By the time my dad’s Alzheimer’s began to take over his life for good, in 2018, I knew the time had come to pursue my dream of writing a book. The impetus for writing the book was awful, cruel, and unfair — anything but perfect — but it was right there in front of me, staring me down.

My dad and his story were slowly dying, and yet, I felt as if mine were only just beginning. My ADHD brain allowed me to go all-in on the project.

I joined Medium in 2021 to hone my skills and build writing muscles. I published a few articles early on but found it harder than it should have been to publish more. Too many tips, hacks, and pressure to build my audience, get paid for my writing, and publish quality articles.

Photo by Nick Morrison on Unsplash

Perfection prevented me from just writing.

I joined a Self-Publishing School because I’m a firm believer in accountability and investing in yourself. The course materials themselves were designed for people who weren’t comfortable writing and needed handholding throughout the entire process, but the one-on-one coaching was invaluable.

The first draft took eight months and was garbage, but I persevered. Visiting my dad each day only fueled my passion and purpose. I so wanted to finish the book before Alzheimer’s finished him.

The editing process was a joy — an inside joke for aspiring and accomplished authors alike — but I refused to allow perfection to grind things to a halt. It can always be better, even after the professional editor’s changes, highlights, and comments crisscross your document.

Imposter syndrome reared its ugly head often. Who cares about my story? Why would anyone want to read it? What if it’s terrible?

I persevered.

I didn’t publish the book before my dad died from Alzheimer’s on August 3, 2021, but I did publish it, eight months later.

On Sunday, March 13, 2022 — the day I turned 50 — I fulfilled a lifelong dream and published Ten Days With Dad: Finding Purpose, Passion, & Peace During The Darkest Days Of Alzheimer’s And COVID-19.

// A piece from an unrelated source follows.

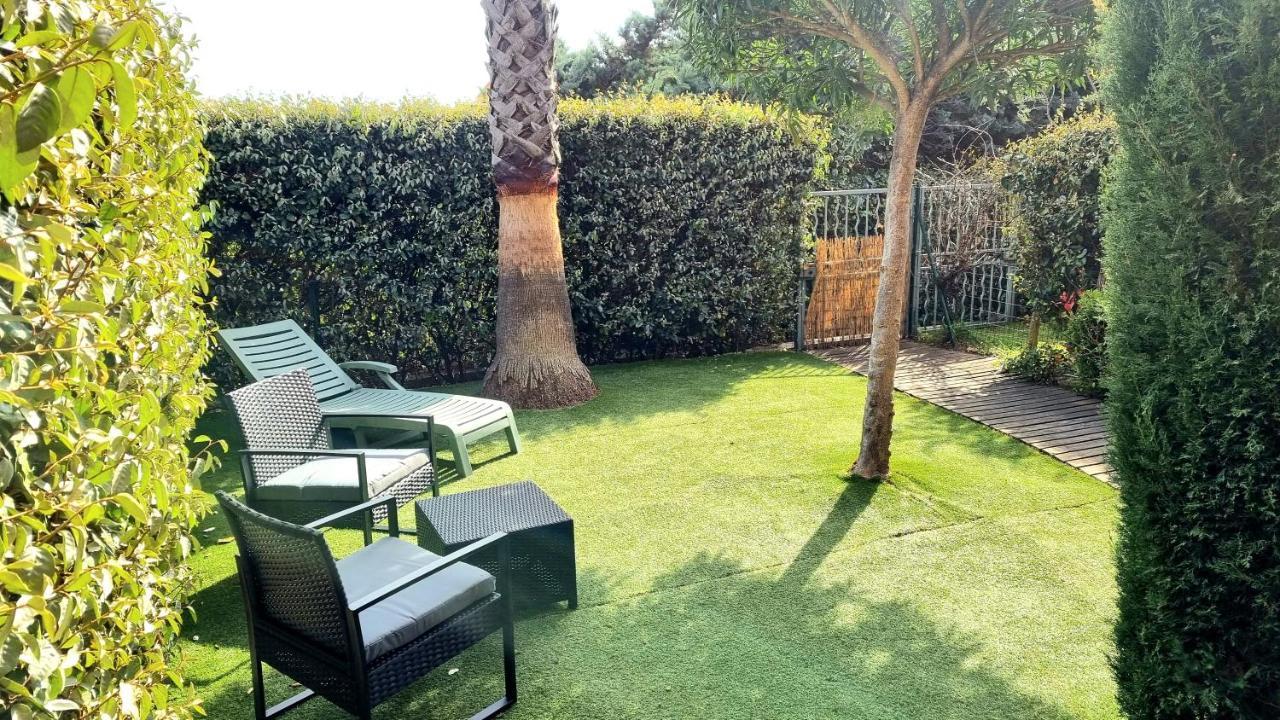 Les Soleiades Appartement La Londe-les-Maures Buitenkant foto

We were in Washington, D.C. that weekend to watch the Atlantic 10 Men’s Basketball Championship. My son is a manager for the Richmond Spiders, and all weekend, they had battled and spun their way to the finals. They won!

It was a glorious day — I turned fifty, the Spiders were on their way to the NCAA Tournament, and oh yea, I published a book!

You might even say it was a perfect day.

Image owned by author

At the moment, perfection is trying to hold me back from completing the audio book for Ten Days With Dad. I refuse to let it.

Don’t let the illusion and allure of perfection hold you back from doing what you love to do — or want to do. Our time on this bus ride of life is shorter than we realize. Don’t wait for a life-altering event to change your attitude, mindset, and behaviors. Say no to perfection and yes to living your life.

And always remember it’s never too late — or early — to pursue your passions.